What happened before traffic lights? Is he a sociopath? (He wasn't a bed-wetter or torturer of small animals as a boy, and he never set fires, apart from leaf-burning duties.) Driverless cars?

We have the aftermath of 9/11 and Keller's reaction to the terrible events in his home city - the volunteering with meal service for the guys working the site at Ground Zero. And the effects the event has on his profession with the enhanced security at airports and the hassle of flying especially when trying to stay under the radar.

We execute a couple of contracts and get to blag a bit with the golfing fraternity, while never getting within a country mile of swinging a club. Keller also has his obligatory roll in the hay.

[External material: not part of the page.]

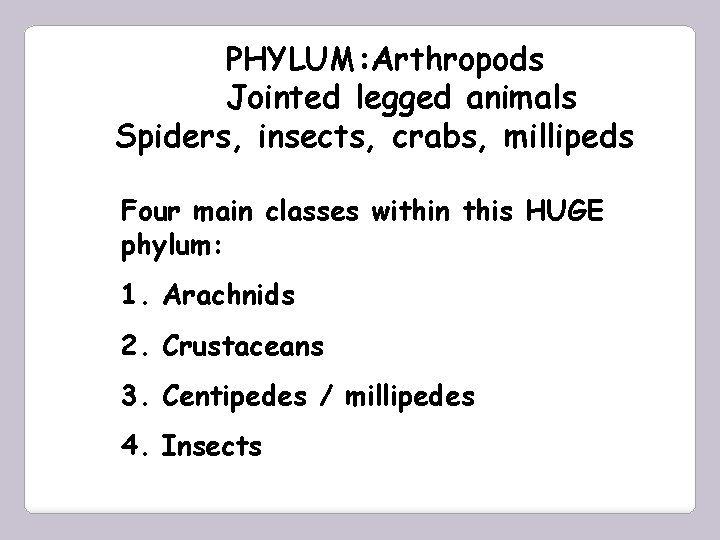 PHYLUM: Arthropods Jointed legged animals Spiders, insects, crabs, millipeds Four main classes within this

Impressive as ever, enjoyable, entertaining, a sense of deja-vous - Block and Keller - love it!

4 from 5

Read in January, 2018
Published - 2005
Page count - 72
Source - Kindle Unlimited
Format - Kindle


  1. You really can't go wrong with Block, can you, Col? And this is an interesting way to take a look at what happened on 9/11 and how it impacted people.

    1. Margot, I never cease to be amazed at how much he can pack into these shorter adventures. An interesting topic covered re 9/11.

  2. I'll keep the Keller series in mind, Col. I still haven't around to reading Lawrence Block's novels in my possession.

    1. You should, I'd recommend Keller to everyone>

  3. I saw this novella in a book with another one by Jeffrey Deaver and considered getting it. I see here that it is in HIT PARADE, which I recently purchased. So I will be reading it soon. Keller is addictive.

    1. I don't think you can go wrong with this character. I expect I'll read this segment again when I get back to the longer books.

  4. Yes, I need to line this one up. Keller is great!

    1. Definitely an author and character we have in common.